WHAT TO WORK ON:
Entries follow. Give back exactly the lines starting at the one containing "Foto van Esdoornlaan 128, Heerhugowaard" and ending at the one containing "Ideal Standard Basin", and no other lines.

++++++++

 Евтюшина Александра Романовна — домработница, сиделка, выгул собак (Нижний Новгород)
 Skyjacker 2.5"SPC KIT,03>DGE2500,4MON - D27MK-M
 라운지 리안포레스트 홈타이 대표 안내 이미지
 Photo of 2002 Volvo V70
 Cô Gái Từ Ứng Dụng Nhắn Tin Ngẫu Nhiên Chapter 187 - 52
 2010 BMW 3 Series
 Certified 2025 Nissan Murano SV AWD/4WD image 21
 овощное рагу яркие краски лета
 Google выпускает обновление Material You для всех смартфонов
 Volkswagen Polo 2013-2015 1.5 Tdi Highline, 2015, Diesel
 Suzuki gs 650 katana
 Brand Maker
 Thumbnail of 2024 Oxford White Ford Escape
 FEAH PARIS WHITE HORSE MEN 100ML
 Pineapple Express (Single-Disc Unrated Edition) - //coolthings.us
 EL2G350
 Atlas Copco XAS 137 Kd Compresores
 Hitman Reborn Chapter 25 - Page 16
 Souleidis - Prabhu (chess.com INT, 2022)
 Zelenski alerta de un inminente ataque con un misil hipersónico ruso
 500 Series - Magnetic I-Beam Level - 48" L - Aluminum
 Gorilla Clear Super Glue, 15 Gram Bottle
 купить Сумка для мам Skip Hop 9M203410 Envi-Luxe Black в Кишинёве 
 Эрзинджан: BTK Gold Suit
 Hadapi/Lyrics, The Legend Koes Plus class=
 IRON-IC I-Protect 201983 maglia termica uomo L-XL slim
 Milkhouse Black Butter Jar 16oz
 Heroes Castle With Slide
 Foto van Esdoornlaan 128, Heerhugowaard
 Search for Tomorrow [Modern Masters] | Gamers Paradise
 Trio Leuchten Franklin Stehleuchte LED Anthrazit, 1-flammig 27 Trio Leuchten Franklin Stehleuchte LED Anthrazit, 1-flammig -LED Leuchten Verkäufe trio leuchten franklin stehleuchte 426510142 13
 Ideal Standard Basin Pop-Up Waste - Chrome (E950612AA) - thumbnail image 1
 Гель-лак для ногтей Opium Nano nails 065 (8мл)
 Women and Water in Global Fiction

++++++++

EXERCISE RESULT:
 Foto van Esdoornlaan 128, Heerhugowaard
 Search for Tomorrow [Modern Masters] | Gamers Paradise
 Trio Leuchten Franklin Stehleuchte LED Anthrazit, 1-flammig 27 Trio Leuchten Franklin Stehleuchte LED Anthrazit, 1-flammig -LED Leuchten Verkäufe trio leuchten franklin stehleuchte 426510142 13
 Ideal Standard Basin Pop-Up Waste - Chrome (E950612AA) - thumbnail image 1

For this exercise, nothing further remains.